As summer begins to wind down, there are only a few more weeks left to pitch a tent and sleep under the stars. There are still those who like to ‘rough it,’ but many campgrounds today are overrun with giant RVs and mobile homes with most if not all of the luxuries of home.
Campers in the early 1900s did not have all of the options that we do today. The camping movement that occurred around the turn of the century was born from the child labor movement. It was designed to improve the lives of children who lived in poor, overcrowded cities by developing civic responsibility, intellect, and physical and social skills and to bond with nature. And as cities became more crowded, people were looking for activities away from the hustle and bustle. Camping was no longer a necessity for hunters, lumberjacks, and other mountain men. It became a recreational activity for the whole family in every class.
Rockford’s Chautuaqua was a very popular two-week long event that offered lectures on cultural, political, and social topics as well as Buffalo Bill’s exciting Wild West Show. Those who attended often camped in tents during those two weeks while they enjoyed the festivities.

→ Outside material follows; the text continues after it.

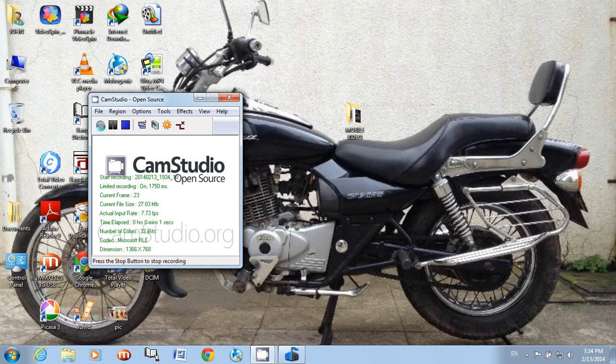Today I am going to teach you how to make your computer faster.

Campers did not often have special equipment for camping – they brought what they already had. Rugs and carpets from home made up the floor, and campers sat in wicker or rocking chairs from their own porches.

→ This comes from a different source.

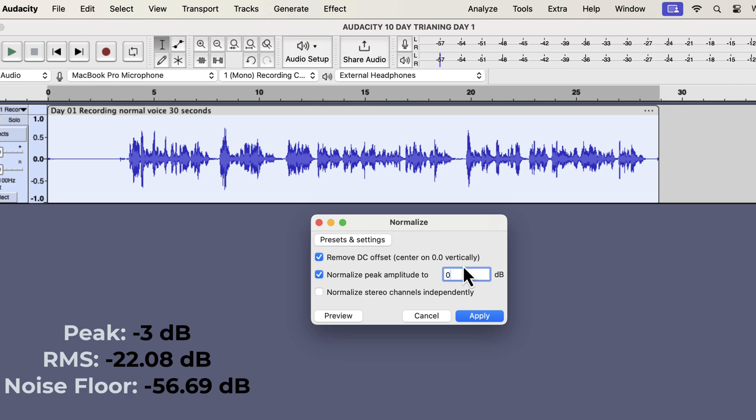If I pause here and ask you, what will happen to the waveform? Will it increase or decrease? The answer depends on the current peak. The current peak is minus 3, and I'm setting the new peak to 0. That means I'm increasing the peak by 3 dB.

Many ladies, like those in the photographs above, wore their everyday clothing, blouses and skirts, while camping. This outfit is an example of what ladies began wearing during the 1910s. It’s militaristic style is similar to men’s uniforms worn during WWI.
Many of our camping traditions have remained the same in the last 100 years, such as canoeing with family and friends. What are your camping traditions? How are they similar or different?